Break up bigger projects with staggered deadlines. Always give yourself deadlines when there are no external ones.

  • Prepare for When Irrational

There will be times you’re tired, aroused, emotional, angry, or… Just drunk. Give yourself a line of conduct of what you will do and not do and what you will accept of yourself and others. And stick to them.

CONS

  • WEIRD researches: both extrinsic and intrinsic motivation matter

Some of those researches were heavily based on small undergraduate samples and then generalized to the whole population.

Because a bunch of Duke undergrads work the same or harder when you reduce pay and compliment them more, doesn’t mean everyone -or even the majority- does.

In truth, both extrinsic and intrinsic motivation matter.
And which one matters more depends on the individual and context.

  • Some naive policy recommendations

The author recommends scrapping “cap and trade” policies to reduce pollution in favor of no-money exchange “social solutions”.

In my opinion, that’s really naive to believe that executives will decide to self-contain themselves in order to save the environment.

The author -and the readers- might want to review both the theory and the continuous real-life examples of public goods games and the “tragedy of the commons“.
Also, check out Matt Ridley’s The Origins of Virtue which very well explains both.

And, most of all, this article on naive self-help:

Naive Self-Help: 10 Most Dangerous BS to Avoid

Review

Predictably Irrational is a great book for anyone interested in people or psychology.

There is something missing to get that “5 stars” though.
To me, it’s that it ends up being a sort of “list of anecdotes” book. The narrative of “predictably irrational” sounds good for marketing, but people are not that predictable after all, either in their rationality or irrationality.

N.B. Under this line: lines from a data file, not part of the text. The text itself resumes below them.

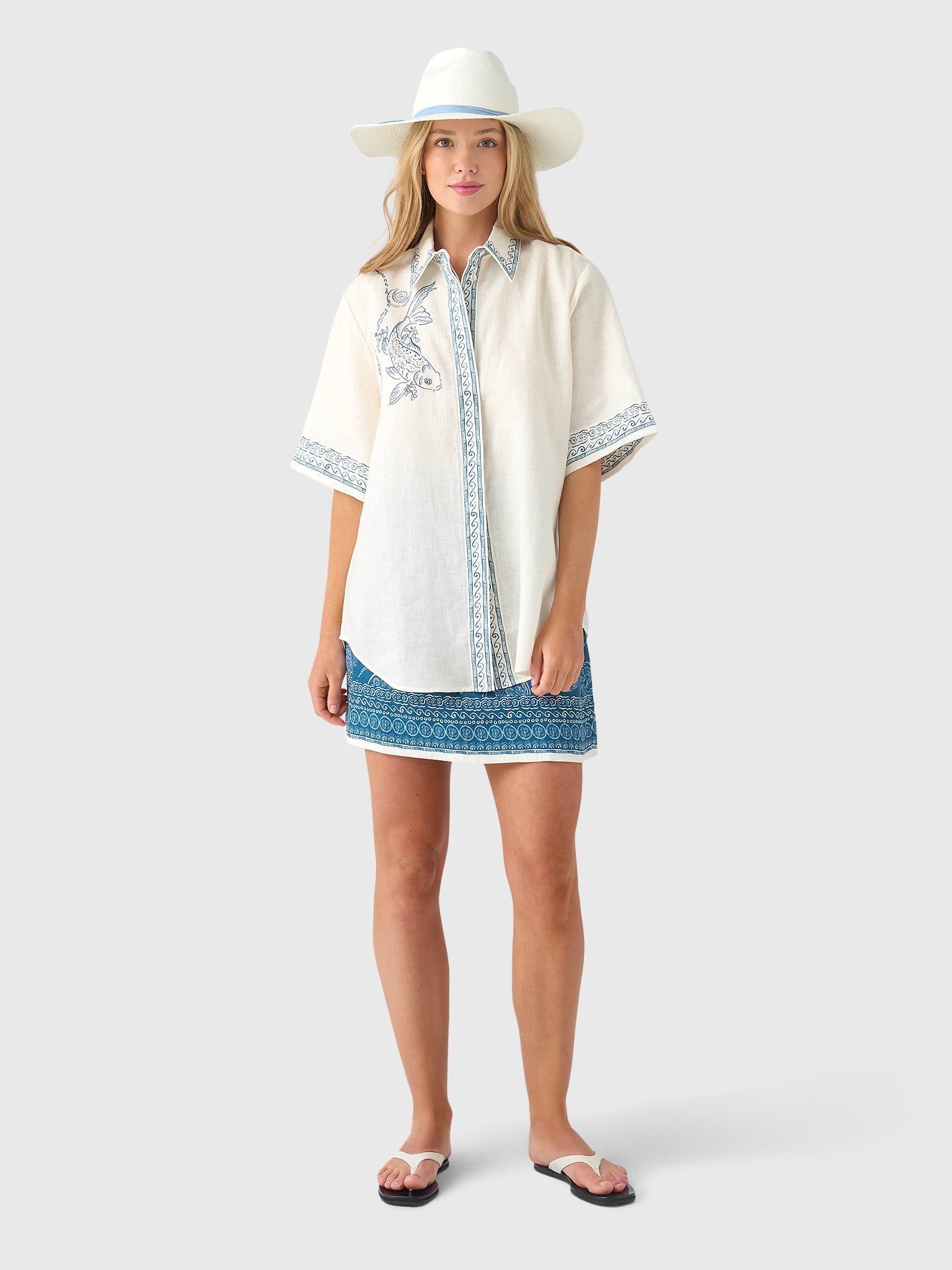 Alemais Women's Lucky Shirt - Saint Bernard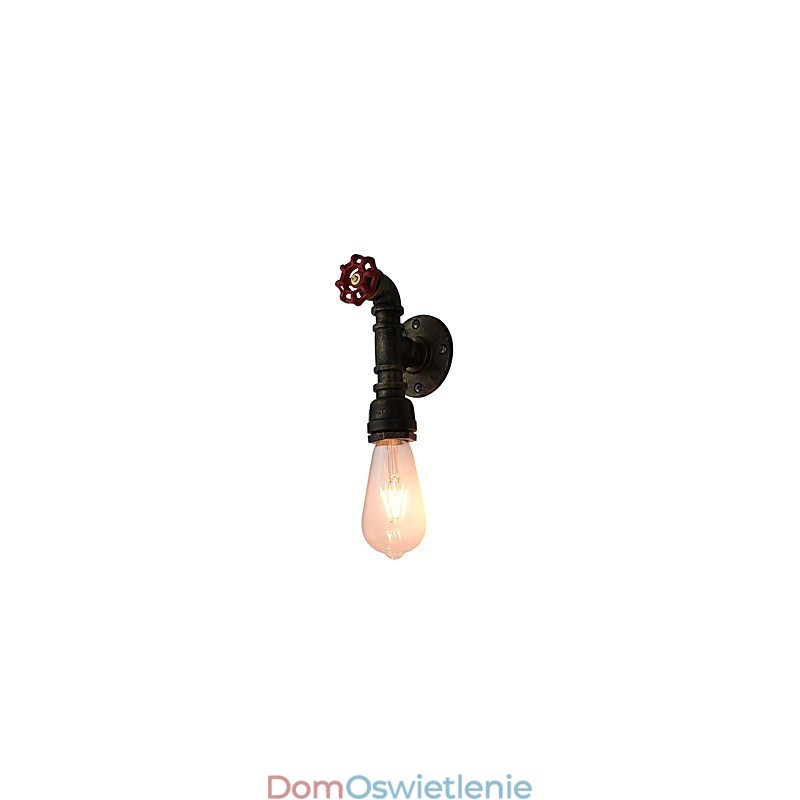Kinkiet Kinkiety Ścienne Żelazo Ścienne Lampy Głupi Czarny Miecz Świetlny Lampa Na Ścianie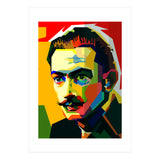 Salvador Dali Maestro Painting Pop Art Wpap (Print Only) thumbnail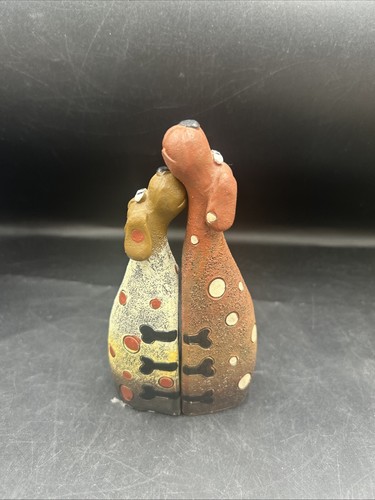 Vintage studio art stone - studio, resin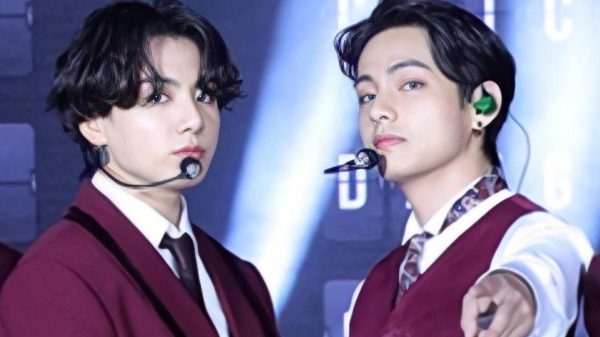 V explica lo que siente por Jungkook con una conmovedora carta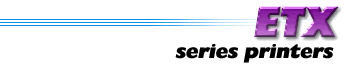 ETX Series Printers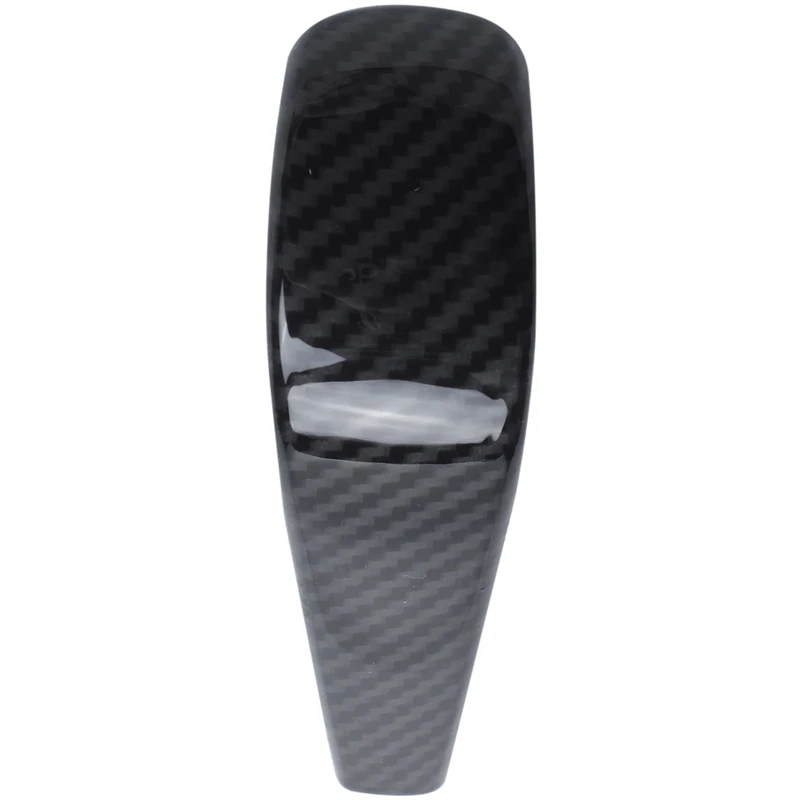 

For Bmw E90 E92 E93 E87 3 Series 2005-2012 Carbon Fiber Color Abs Gear Shift Knob Head Cover Trim Car Accessories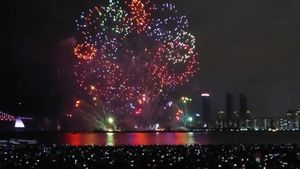 釜山花火大会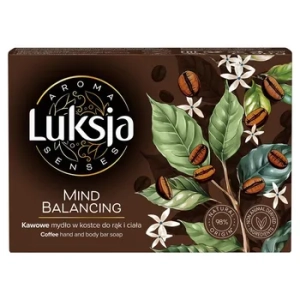 LUKSJA Mydło w kostce 90g MIND BALANCING Kawowe /24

And “Predictably Irrational” falls somewhat in the middle.
It’s not exactly a behavioral economics book, not a deep psychology text, and not a practical guide on influence and persuasion.

It’s a mix of all of them, and it does a good job of all of them. But it fell short in weaving a coherent narrative, advancing a unique theory, or in teaching anything new.

“Predictably Irrational” felt a bit of a jack of all trades in a market that is quite saturated with psychology books dealing with similar topics.
So: interesting, yes, memorable no.

That being said, I did enjoy it and I do recommend “Predictably Irrational”.